Parameters:footer – is instance of footer as passed by Reader (always a list, but type of elements is up to Reader). This parameter is passed later to Writer.

datconv.filters.delfield module

General Filter that allows to remove certain fields from record.

class datconv.filters.delfield.DCFilter(field=[])[source]

Bases: object

Please see constructor description for more details.

Constructor parameters are usually passed from YAML file as subkeys of Filter:CArg key.

Parameters:field – list of fields to remove.
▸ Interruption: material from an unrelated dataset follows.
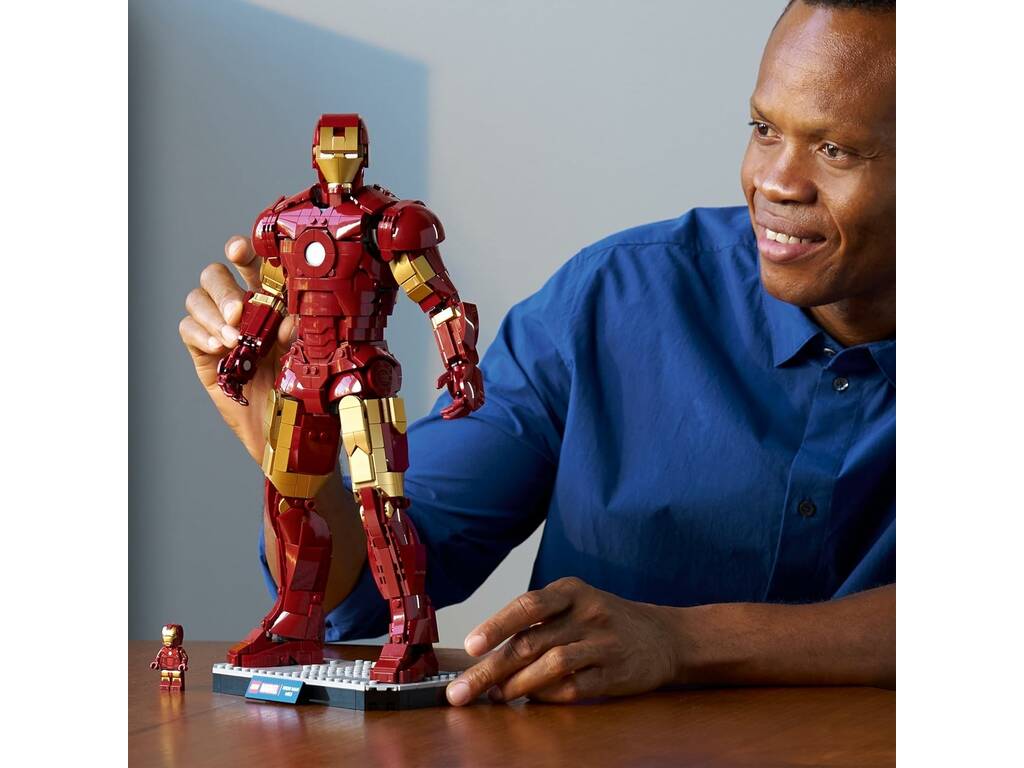 Lego Marvel Iron Man Mark 3: Edición para Coleccionistas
Fields must be in form of XPaths understandable by lxml.etree._Element.find method (relative paths)

For more detailed descriptions see conf_template.yaml file in this module folder.

datconv.filters.rectyp module

General Filter that allows to filter out certain record types.

class datconv.filters.rectyp.DCFilter(inclusive=True, rectyp=[])[source]

Bases: object

Please see constructor description for more details.

Constructor parameters are usually passed from YAML file as subkeys of Filter:CArg key.

Parameters:
  • inclusive – if False, record types given in rectyp are excluded, otherwise only rectyp records are included;
  • rectyp – list of record types (root tags of records).

For more detailed descriptions see conf_template.yaml file in this module folder.

datconv.filters.pipe module

General Filter that allows users to run several other filters one after one. Values returned by configured filters’ are combined in following way:

  • to get record written (sent to Writer) all filters must set WRITE bit
  • to get record repeated at leat one filter must set REPEAT bit
  • to get process break at leat one filter must set BREAK bit
  • REPEAT bit takes precedence over BREAK bit (i.e. if both are set record is re-evaluated)
class datconv.filters.pipe.DCFilter(flist, pass_skiped=True)[source]

Bases: object

Please see constructor description for more details.

Constructor parameters are usually passed from YAML file as subkeys of Filter:CArg key.

Parameters:
  • flist – list of filters to be run in chain with their parameters;
  • pass_skiped – if it is False, records for which some filter returned SKIP will not be passed to next filters;

For more detailed descriptions see conf_template.yaml file in this module folder.

datconv.filters.gen_rec module

General Filter that allows to generate new records. Every record is cloned by conifigurable number of times. This Filter is suitable for subclassing if more rebust generation strategies are required.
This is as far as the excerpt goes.